Esta vez el turno es para nuestro departamento, pero como siempre para afectar a los pobladores del sur de Córdoba, los más pobres, los que durante décadas han sufrido las consecuencias de la violencia y sobre todo donde se ubican las tierras más prósperas y fértiles de la región, pero las más abandonas por el Gobierno Nacional.

Y es que a esta olvidada zona no solo le ha tocado luchar contra guerrillas, paramilitares, narcotráfico, ausencia estatal y pobreza extrema, sino que ahora le toca librar otra batalla contra el mismo causante de su tragedia: el Estado representado por el gobierno central y los políticos de turno quienes hoy le dan la estocada final a los habitantes del alto Sinú, al obligarlos al pagar el costo de un peaje, por transitar la vía que les permite el acceso a sus municipios y que no será mantenida por el concesionario que lo cobra (absurdo). Es decir, los usuarios de esta vía literalmente estarán regalando su dinero, sin obtener beneficio alguno.

Pero vamos al origen, sin ser experto en la materia se entiende que antes de que el Gobierno entregara esta concesión Ruta al Mar para que fuera administrada se debió hacer un estudio y un acuerdo de cuantos kilómetros serían concesionados, en qué estado estaba la vía, cuantos tramos se iban a mejorar y cuantos kilómetros se harían nuevos. Pero lo más importante es cuál sería el monto de la inversión por parte  del concesionario y lo más interesante para este, cómo y en cuantos años recuperarían la inversión, y eso se logra cobrando peajes a los usuarios.

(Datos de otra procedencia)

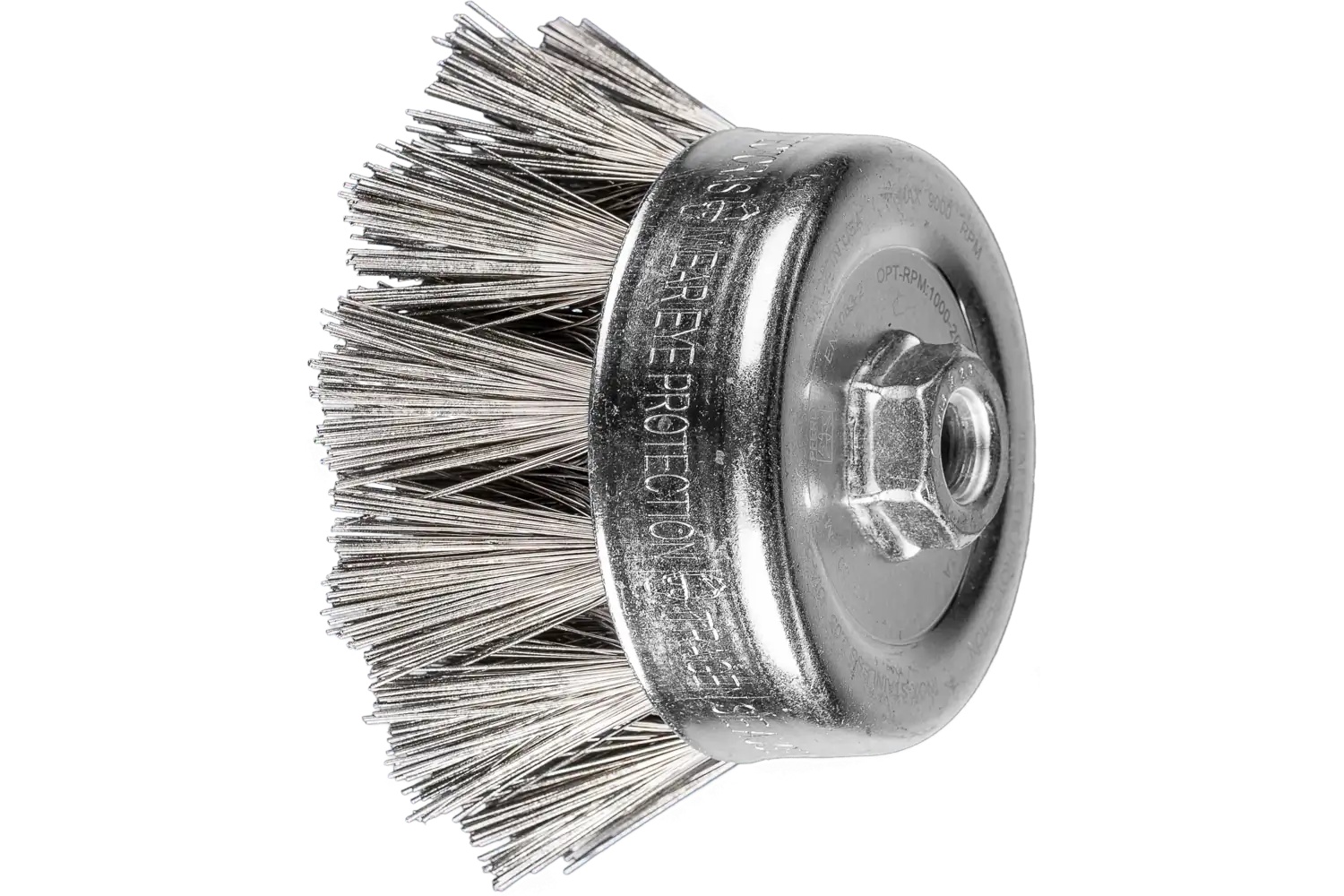 Picture of Pferd Diamond Coated Wire Cup Brush 2-3/4" Dia. 270 Grit 5/8-11" Thread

Todo lo anterior, no se hace en un día, esto toma años de negociación, innumerables estudios, aprobaciones, cierres financieros, contrato, lobbys y mil arandelas más, que es donde debieron estar atentos nuestros gobernantes locales desde su inicio. Pero no, ahora todos los alcaldes (Montería, Tierralta, Valencia) sacan excusas y dicen que no fueron invitados a la socialización del proyecto al igual que congresistas, gobernadores, diputados, concejales, personeros, etc.

Hace tiempo en los distintos medios de comunicación se viene hablando de la reubicación del peaje El Purgatorio y nadie, absolutamente nadie de los habilitados para hacerlo en razón de su cargo se pronunciaron a tiempo en contra de tan nefasta decisión, siendo del resorte de sus funciones, velar por el bienestar y sobre todo por el bolsillo de los cordobeses.

Ahora salen los directamente responsables de esta situación, que puede terminar en tragedia al usar probablemente vías de hecho por parte de los pobladores y usuarios afectados, a elevar una voz de protesta, a endilgar la responsabilidad e incluso la culpa a un presidente que no tiene dos meses de haberse posesionado en su cargo, cuando todo esto son solo pataletas de ahogado.

Coda: Esperemos que está situación no traiga más violencia en el departamento y el gobierno escuche la voz de nuestros gobernantes por más tardía que sea.